Information
compiled by Carol Ann McCormick, March 2007
The University of North Carolina Herbarium has
catalogued approximately 50 specimens that were collected by Steve Furr, and
many others that were annotated by him as part of his doctoral work. As
cataloguing of the collection continues, more will be found. Most of Furr's
specimens in NCU's collection date from 1966 - 1969 and are from the
mountains of Tennessee, North Carolina, and Virginia.

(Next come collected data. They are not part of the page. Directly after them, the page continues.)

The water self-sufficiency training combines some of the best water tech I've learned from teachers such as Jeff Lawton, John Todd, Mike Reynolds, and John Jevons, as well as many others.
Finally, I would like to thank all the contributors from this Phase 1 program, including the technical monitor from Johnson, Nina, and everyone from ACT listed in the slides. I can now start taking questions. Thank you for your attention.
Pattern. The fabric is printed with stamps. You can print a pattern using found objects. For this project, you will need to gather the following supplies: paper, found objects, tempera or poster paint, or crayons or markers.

Steve Furr was born in Stanly County, North
Carolina and received his undergraduate degree in Biology from Pfeiffer
University (Misenheimer, NC). He earned an M.S. in genetics from North
Carolina State University (Raleigh, NC) in 1966, and a Ph.D. in botany from
the University of Tennessee (Knoxville, TN) in 1971. The title of his Ph.D.

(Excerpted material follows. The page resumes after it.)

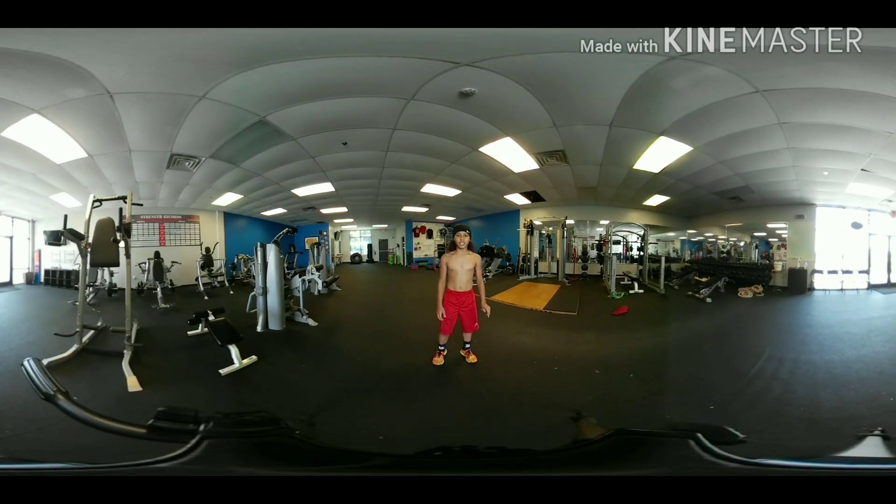Alright, now that you got that 2-3 minute workout in, now it's time to get that real work in. We got squat jumps, 25 reps. You got 4 rounds of them.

thesis was "A biosystematic study of the subsections Villosae and
Micranthae of the genus Heuchera from the southeastern United
States."
Furr taught at Missouri Valley College for two
years (1969 - 1971). From 1971 until his retirement in 2000 he taught at Lake
Superior State University in Sault Sainte Marie, Michigan. At LSSU he taught
Botany, Field Botany, Environmental Biology, and supervised many
undergraduate projects in floristics. He did several floristic surveys for
the United States Forest Service and is an expert in the flora of Northern
Michigan.
PUBLICATIONS (incomplete list):
Furr, Richard Steven (1966)
Interspecific incompatibility in Rumex
crosses involving females of dioecious species. North
Carolina State University. [incomplete citation]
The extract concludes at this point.